Convenience eating, is one of the nine Eating for You Drivers, or reasons, for Eating. But can convenience eating be mindful and healthy? This driver can either support or detract from your health and wellbeing.
Excerpt from the Eating for You book
We cannot underestimate the influence of our perception of time with regard to everything we do. This applies to how we choose to eat. We seek quick meals and the choice of healthier options. Convenience is a strong driver, so in order to optimise our health, our skills in selecting, preparing, and cooking nutritious foods need to be at least equally as strong.
Convenience is a strong driver, so in order to optimise our health our skills in selecting, preparing and cooking nutritious foods need to be at least equally as strong.
Food preparers often express the time constraints related to family meals. They comment on the amount of time that is required to plan, shop, and prepare food. For some, convenience can become the dominant driver resulting in quick and ready to eat meals.

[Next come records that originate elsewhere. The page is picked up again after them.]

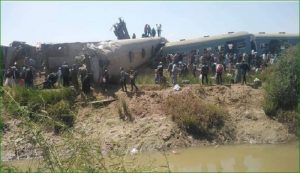 الصحة: 32 حالة وفاة وإصابة 108 في حادث تصادم قطارين بسوهاج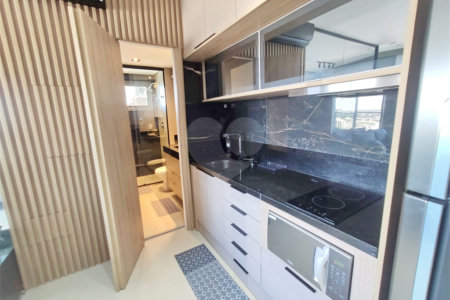 Apartamento à venda ou para alugar com 1 suíte em Pinheiros, São Paulo, SP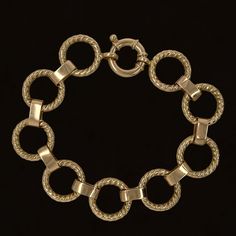 𝓦𝓮𝓵𝓬𝓸𝓶𝓮 𝓽𝓸 𝓛𝓲𝓸𝓷𝓱𝓮𝓪𝓻𝓽 𝓳𝓮𝔀𝓮𝓵𝓻𝔂 𝓢𝓱𝓸𝓹 ♥ Stunning Italian Link Bracelet crafted in High quality 14K Italian Gold. This Gorgeous bracelet is detailed with a Braided and polished interlocking links with oval links in between. Bracelet is made to order in the listed measurements and with a spring ring clasp closure. Please allow 1-4 weeks for delivery. 𝓘𝓽𝓮𝓶 𝓓𝓮𝓽𝓪𝓲𝓵𝓼 ♥ Made to Order ♥ Measurements: ♥ Arrives Gift Ready in a Beautiful Jewelry Box. ♥ *STORE POLICY* We Victorian Engraved Gold Bracelet, Antique Yellow Gold Link Bracelet, Heirloom Gold Bracelet With Polished Finish, Heirloom Gold Bracelet Hallmarked, Victorian Polished Bracelets For Formal Occasions, Elegant Formal Chain Bracelet, Formal Chain Bracelet, Vintage Formal Chain Bracelet With Polished Finish, Classic Gold Bracelet With Intricate Design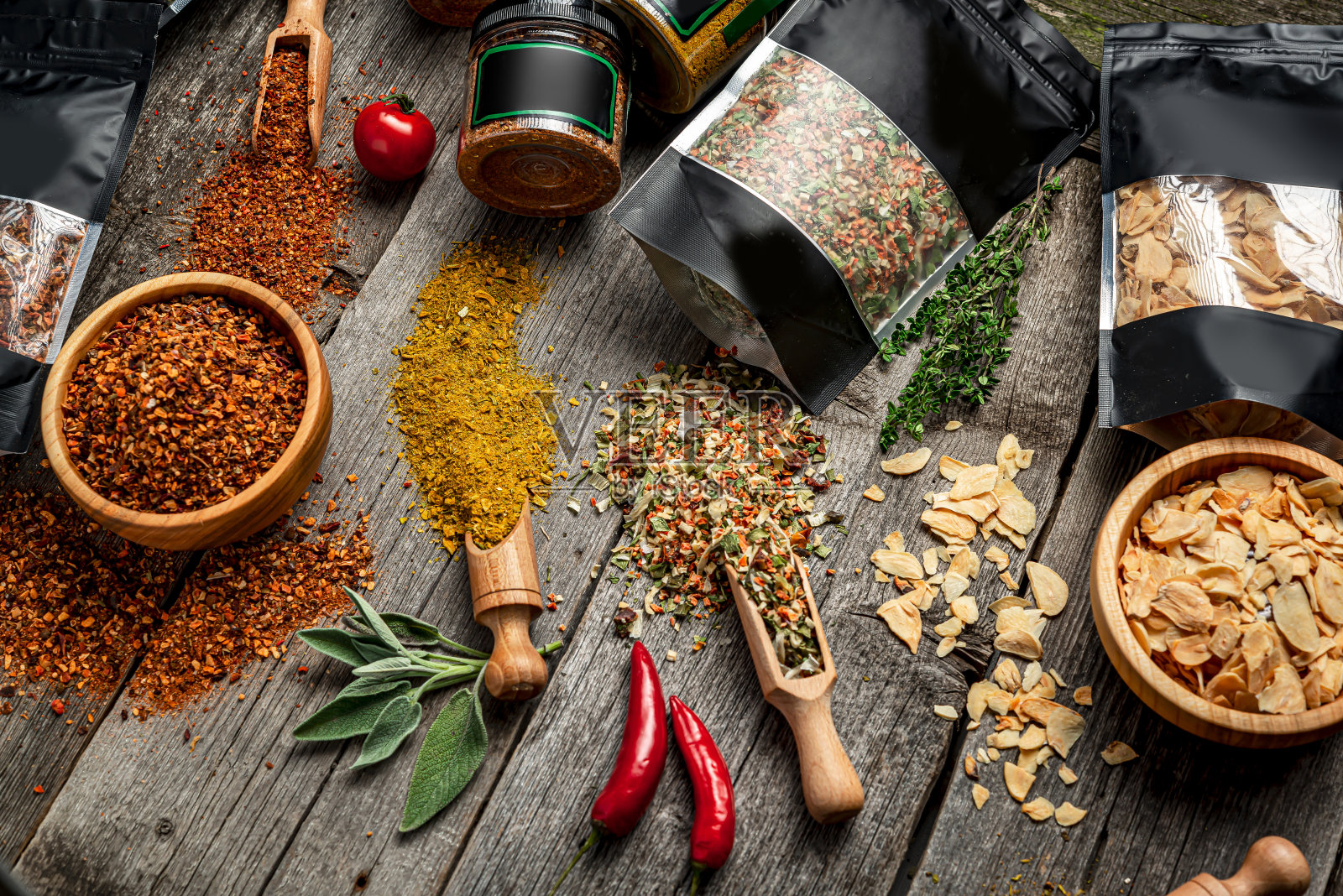 炖肉用的不同香料的混合物香料店。照片摄影图片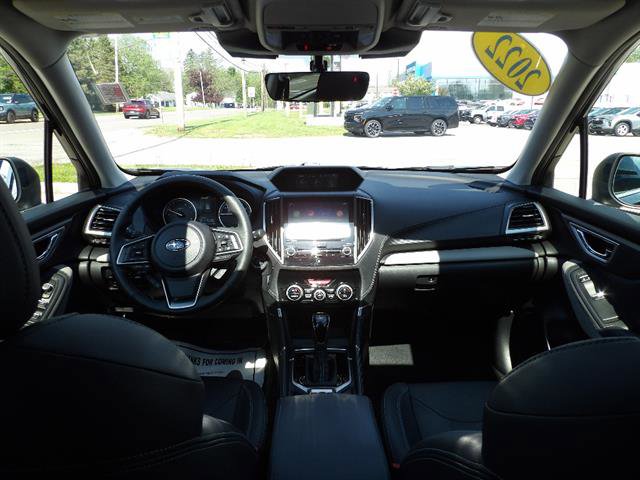 Used 2022 Subaru Forester Limited AWD/4WD image 32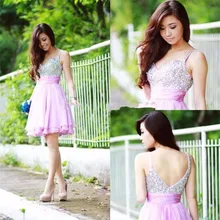 Fashion Spaghettiträger V-ausschnitt Lila Kurze Heimkehr Kleid Einfache Strass Perlen Graduation Kleider Günstige Homecoming Kleid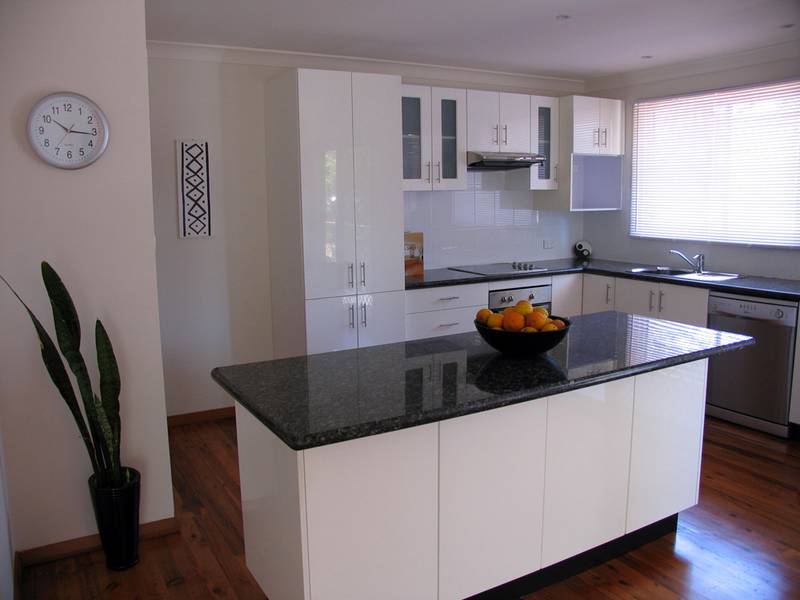 STYLISH 3 BEDROOM HOME Picture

Pam led a busy life working in the business with her husband and taking care of two children. As their business grew she had less time to prepare home-cooked meals so the family meal was purchased from take away food outlets on the way home from work. This change in eating led to considerable weight gain over twelve months. It wasn’t until Pam prioritised cooking an evening meal that she managed to lose her excess body weight.
Another risk of relying on ready-to-go meals is that you may literally find yourself eating on the run. If your choice of convenience foods is within an unplanned eating habit, then the choice is usually based on whatever is available. The mode of eating can override natural appetite control mechanisms and we become unaware of what and how much we eat.
The [convenience] mode of eating can override natural appetite control mechanisms and we become unaware of what and how much we eat.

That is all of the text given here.